[PATCH AUTOSEL 5.4 231/330] workqueue: Remove the warning in wq_worker_sleeping()

From: Sasha Levin
Date: Thu Sep 17 2020 - 22:06:06 EST


From: Sebastian Andrzej Siewior <bigeasy@xxxxxxxxxxxxx>

[ Upstream commit 62849a9612924a655c67cf6962920544aa5c20db ]

The kernel test robot triggered a warning with the following race:
task-ctx A interrupt-ctx B
worker
-> process_one_work()
-> work_item()
-> schedule();
-> sched_submit_work()
-> wq_worker_sleeping()
-> ->sleeping = 1
atomic_dec_and_test(nr_running)
__schedule(); *interrupt*
async_page_fault()
-> local_irq_enable();
-> schedule();
-> sched_submit_work()
-> wq_worker_sleeping()
-> if (WARN_ON(->sleeping)) return
-> __schedule()
-> sched_update_worker()
-> wq_worker_running()
-> atomic_inc(nr_running);
-> ->sleeping = 0;

-> sched_update_worker()
-> wq_worker_running()
if (!->sleeping) return

In this context the warning is pointless everything is fine.
An interrupt before wq_worker_sleeping() will perform the ->sleeping
assignment (0 -> 1 > 0) twice.
An interrupt after wq_worker_sleeping() will trigger the warning and
nr_running will be decremented (by A) and incremented once (only by B, A
will skip it).

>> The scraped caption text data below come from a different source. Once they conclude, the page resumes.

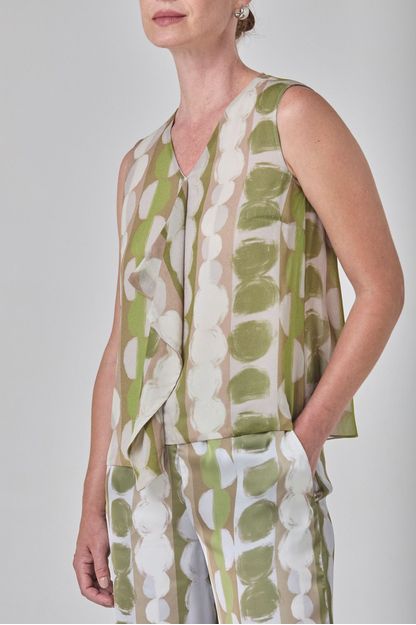 Blusa regata com jabot estampa ciclos verde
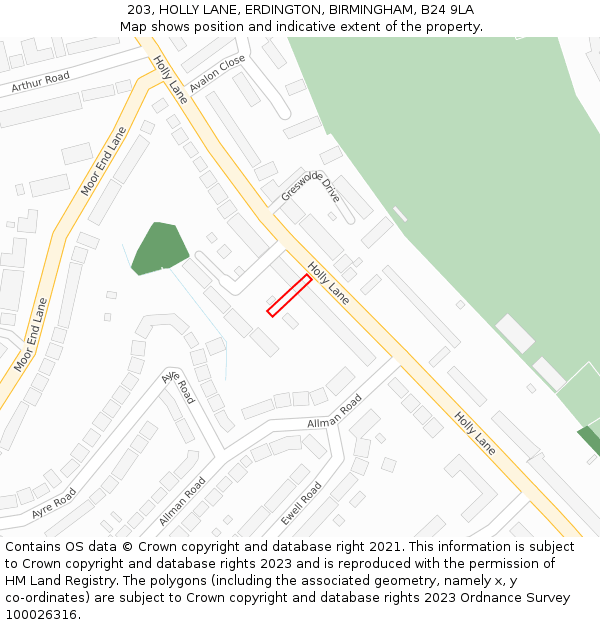 203, HOLLY LANE, ERDINGTON, BIRMINGHAM, B24 9LA: Location map and indicative extent of plot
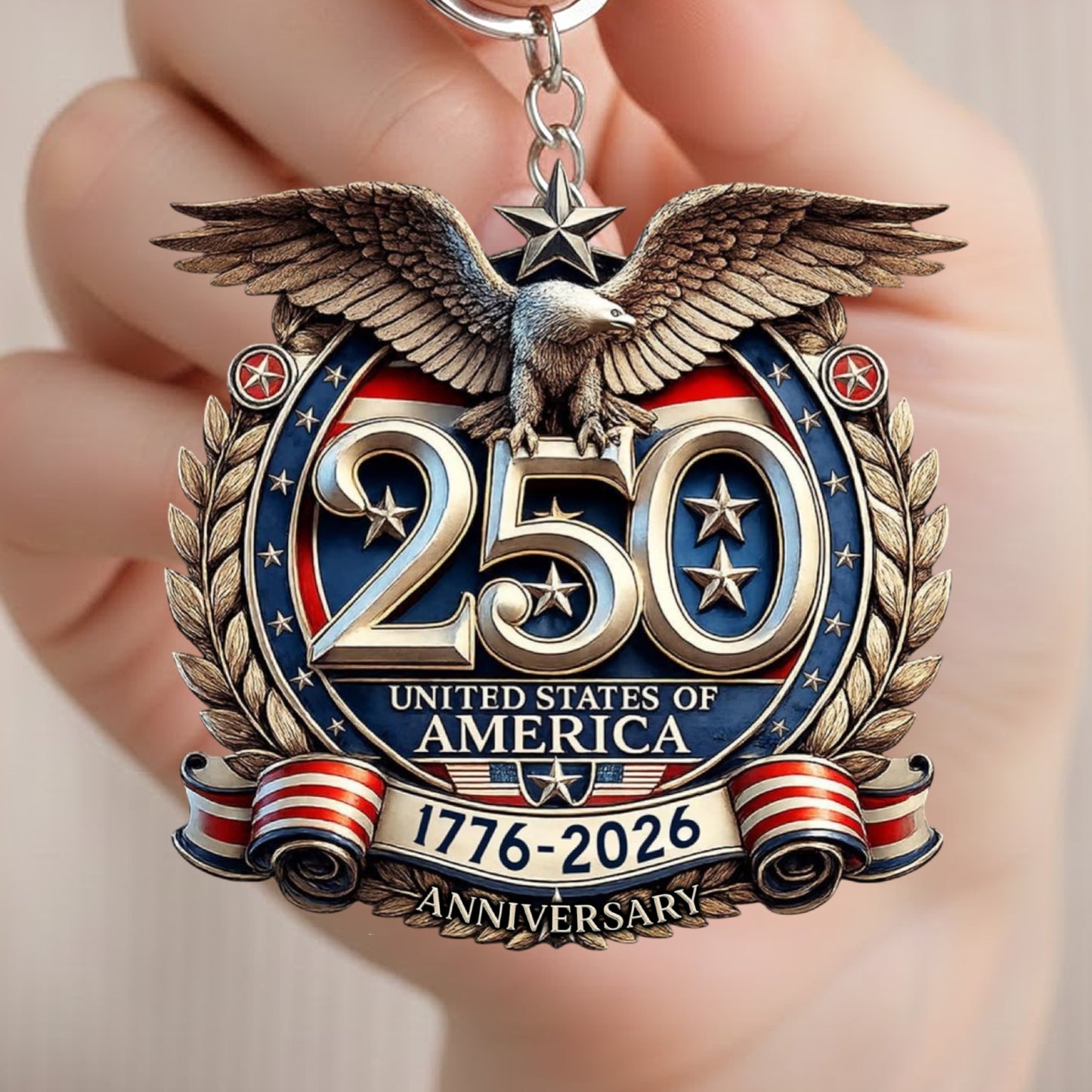 250th Anniversary USA Patriotic Keychain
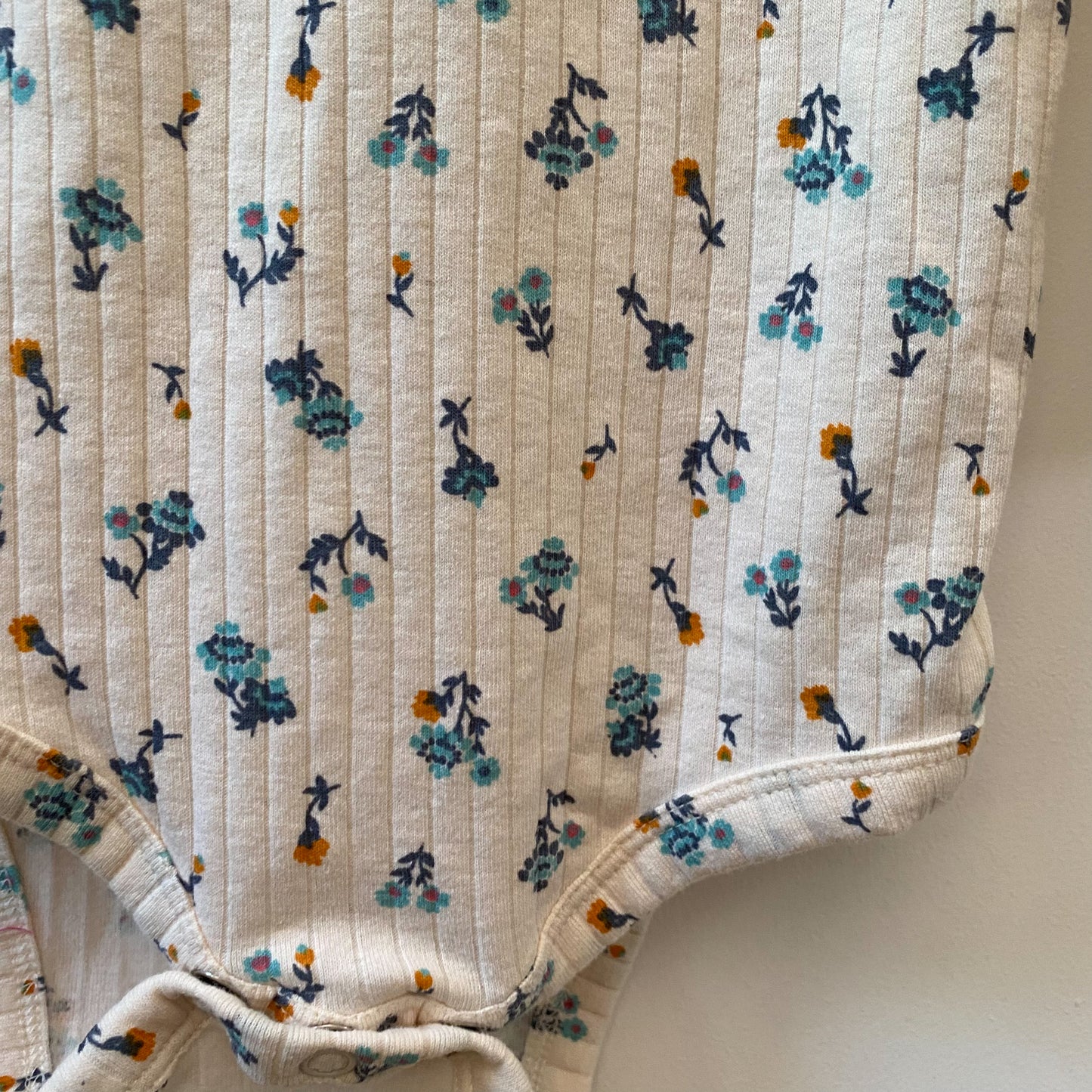 Floral Ribbed Diaper Shirt (18-24M)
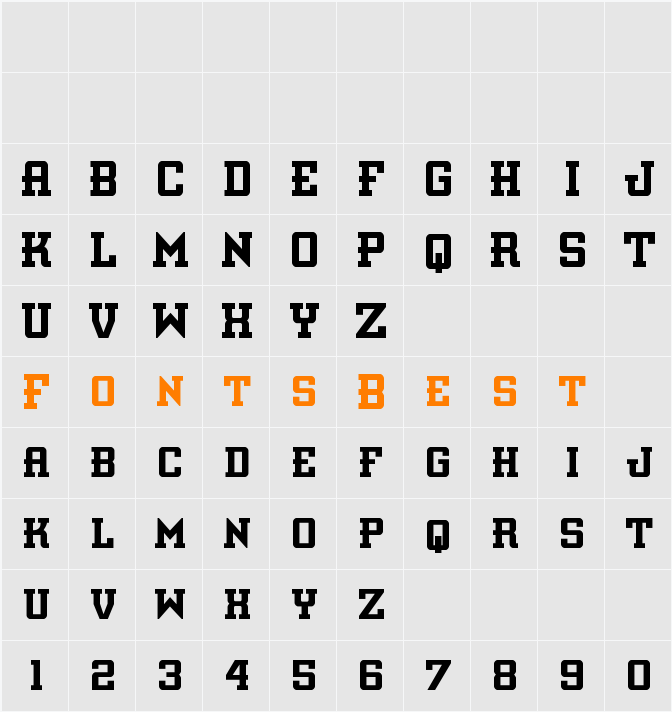 Interceptor Condensed Character Map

This is the case until the ->sleeping is zeroed again in
wq_worker_running().

Remove the WARN statement because this condition may happen. Document
that preemption around wq_worker_sleeping() needs to be disabled to
protect ->sleeping and not just as an optimisation.

Fixes: 6d25be5782e48 ("sched/core, workqueues: Distangle worker accounting from rq lock")
Reported-by: kernel test robot <lkp@xxxxxxxxx>
Signed-off-by: Sebastian Andrzej Siewior <bigeasy@xxxxxxxxxxxxx>
Signed-off-by: Peter Zijlstra (Intel) <peterz@xxxxxxxxxxxxx>
Signed-off-by: Ingo Molnar <mingo@xxxxxxxxxx>
Cc: Tejun Heo <tj@xxxxxxxxxx>
Link: https://lkml.kernel.org/r/20200327074308.GY11705@shao2-debian
Signed-off-by: Sasha Levin <sashal@xxxxxxxxxx>
---
kernel/sched/core.c | 3 ++-
kernel/workqueue.c | 6 ++++--
2 files changed, 6 insertions(+), 3 deletions(-)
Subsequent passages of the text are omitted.